Desta sorte, ao exercer direitos que a Constituição lhe confere, a empresa assume riscos, tanto mais acentuados quando se convive com a instabilidade econômica e jurídica reinante entre nós.
Privar a empresa da possibilidade de contratar serviços, criando-lhe empecilho metafísico ignorado pela lei, viola garantias constitucionais e legais, gera insegurança, incrementa a propositura de reclamações e ações civis públicas, estrangula a economia, eleva custos, destrói empregos.
Diversas leis preveem a terceirização. É o caso da Lei Geral de Telecomunicações, da lei sobre trabalho temporário, da que regula as licitações e os contratos da administração pública. Nenhuma, entretanto, que a impeça. Vem à lembrança o artigo 5.º, II, da Constituição, segundo o qual ninguém é obrigado a fazer ou deixar de fazer senão em virtude de lei.
A conversão da responsabilidade subsidiária, da empresa privada, em responsabilidade solidária, acompanhada da eliminação da alusão à atividade-meio, fariam do Enunciado 331 a fórmula ideal para solução transitória do impasse em torno da matéria, até manifestação do Poder Legislativo. Na Câmara dos Deputados corre projeto de lei fruto de consenso entre patrões e empregados que não é submetido à votação em razão de barreiras erguidas por centrais sindicais de olho grande na Contribuição Sindical, obrigatória.

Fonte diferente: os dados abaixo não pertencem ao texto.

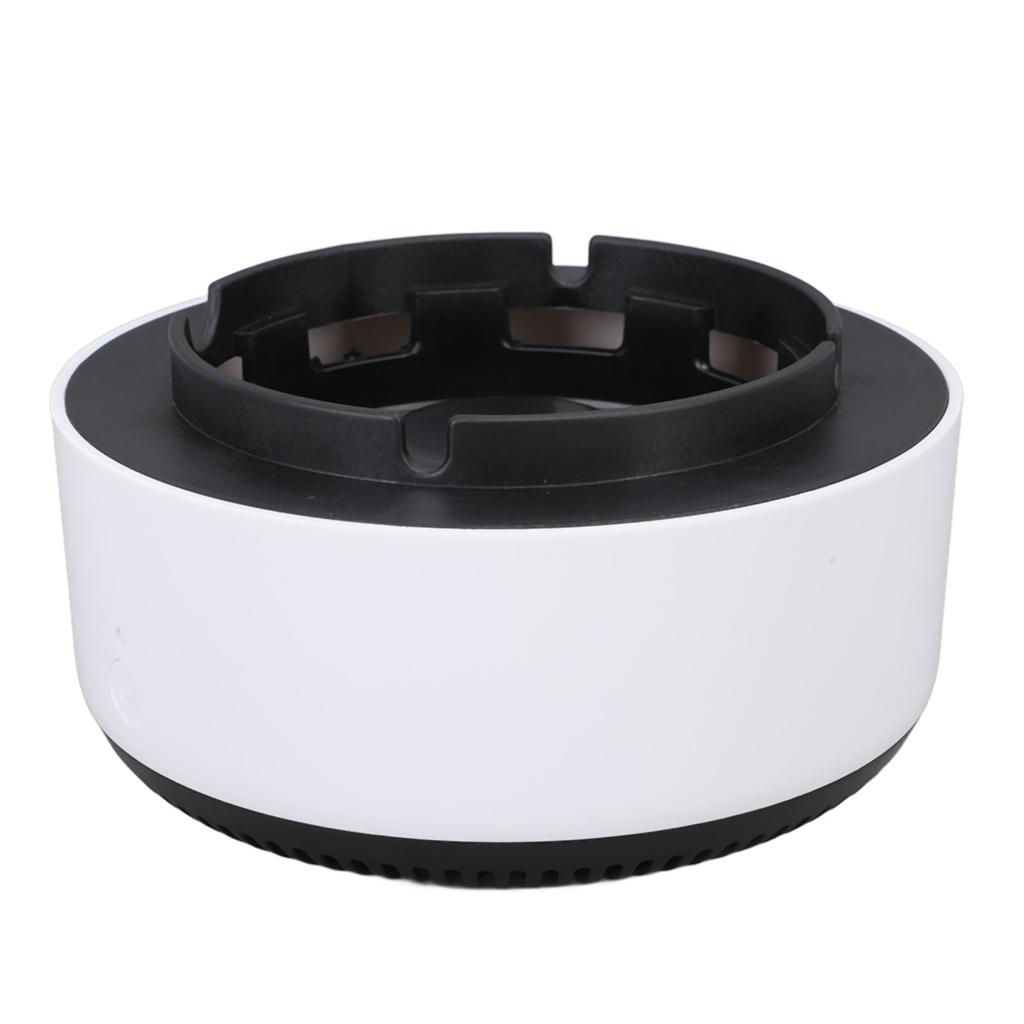Air Purifier Ashtray Rapid Purification Low Noise Smokeless Ash Tray with Composite Filter for Home Car Office White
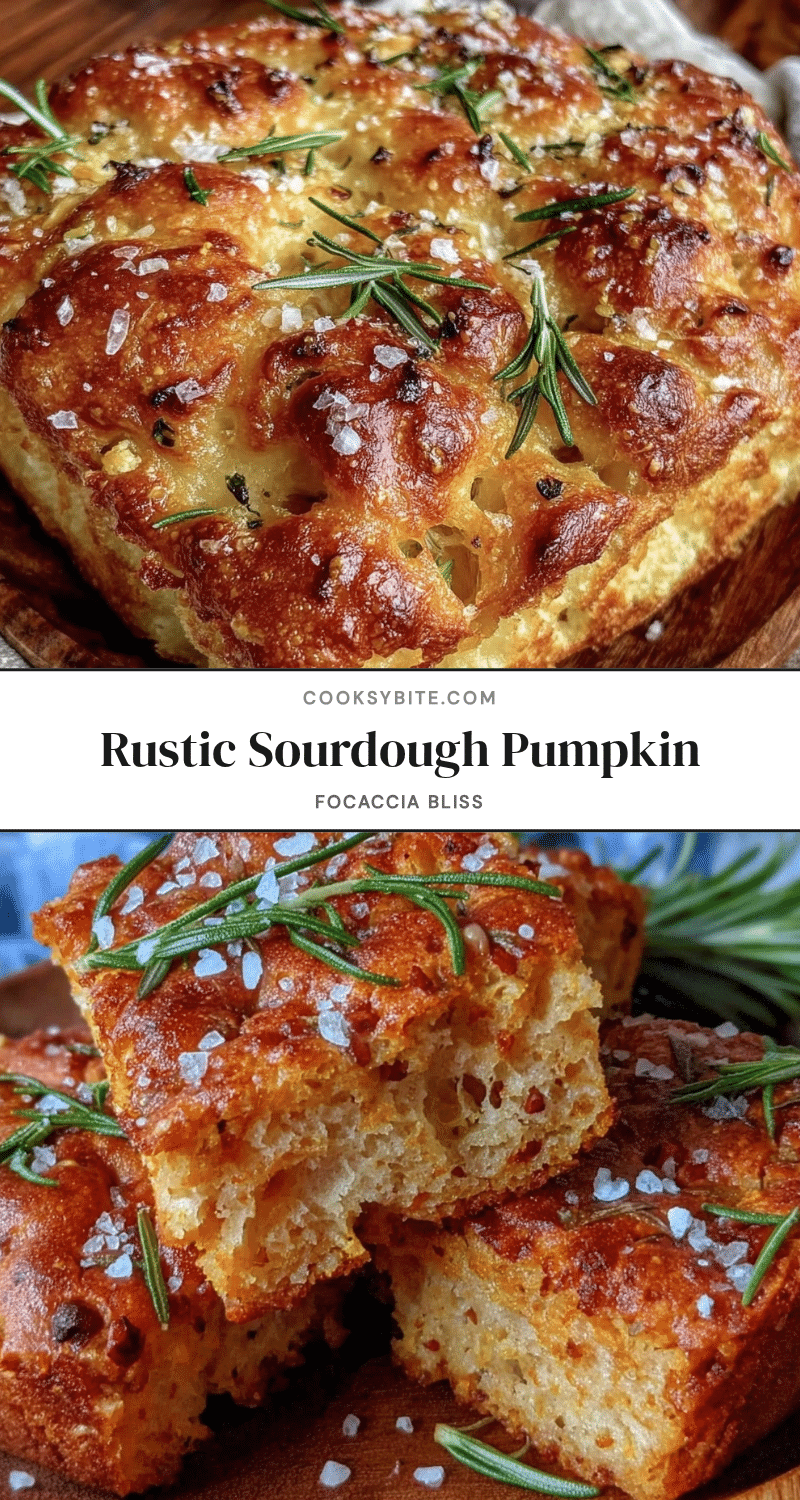 rustic sourdough pumpkin focaccia recipe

Empresários e empregados aguardam a palavra decisiva do Supremo Tribunal. Em nome da segurança jurídica, vital para a geração de empregos, é necessário interromper a enxurrada de reclamações trabalhistas e ações civis públicas que têm como pano de fundo surrealista divisão entre atividade-meio e atividade-fim. Uma vez mais o Judiciário corrigirá omissão do Legislativo.